The metric was calculated by summing up all the aforementioned features for each postcode. The resulting values were then standardised to be on a scale of 0 to 1 for easier comparison. 

In [33]:
most_liveable_df = pd.read_csv("../data/curated/most_liveable.csv", index_col=0)
most_liveable_df.head(10)

Unnamed: 0_level_0,Standardised Liveability
Postcode,Unnamed: 1_level_1
3213,1.0
3688,0.997138
3808,0.96244
3670,0.950135
3799,0.934989
3249,0.922225
3659,0.921298
3461,0.895837
3498,0.894708
3285,0.886109


<h3>Assumptions & Business Context</h3>

**Terminal tool prototype**

In addition to answering the three main questions, we created a tool that can be utilised by renters, investors, landlords and businesses to access a snapshot of the top ten postcodes in relation to their inputted one and their associated growth rate, standardised affordability and standardised liveability. This tool was created in two stages. 
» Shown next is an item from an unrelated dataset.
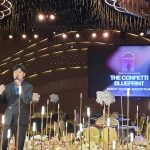 WhatsApp Image 2025-11-26 at 15.26.07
*Stage 1: Database creation [tool.ipynb]*

Each postcode was connected with their derived growth rate, liveability and affordability metrics from our research. In addition to this, an external dataset *australian_postcodes.csv* that associates the postcode with the coordinates was utilised. The first suburb in the postcode in the csv was taken to be the representative coordinate for the whole postcode and used when calculating the distances between each postcode. 

Following this, the euclidean distance of a postcode to every other postcode was calculated and then ranked with the top ten closest neighbouring postcodes to the specified postcode being saved for the tool. The euclidean distance was used as the linear distance was deemed a sufficient measure of ‘closeness’. 

Finally the database of all the information was combined in the dataframe below. Any missing information has been represented by NaNs values.


*Python Script to access database and output answer [tooluse.ipynb]*

To use this tool, the user can input any Victorian postcode and the tool will output the following:
- The inputted postcode’s growth rate, standardised affordability and standardised liveability 
- The growth rate, standardised affordability and standardised liveability of the top ten nearest postcodes to the imputed postcode

This tool can be leveraged to aid the decision making of renters, landlords, and real-estate businesses as well as serve as a guide for those wanting to enter the investment property market.

In future research, the differences between the rental property market in metropolitan and rural areas of Victoria should be further investigated, as well as a wider range of features considered for assessing affordability and livability. The tool can be further expanded with more data as well as developed for application in government sectors for planning/development of services.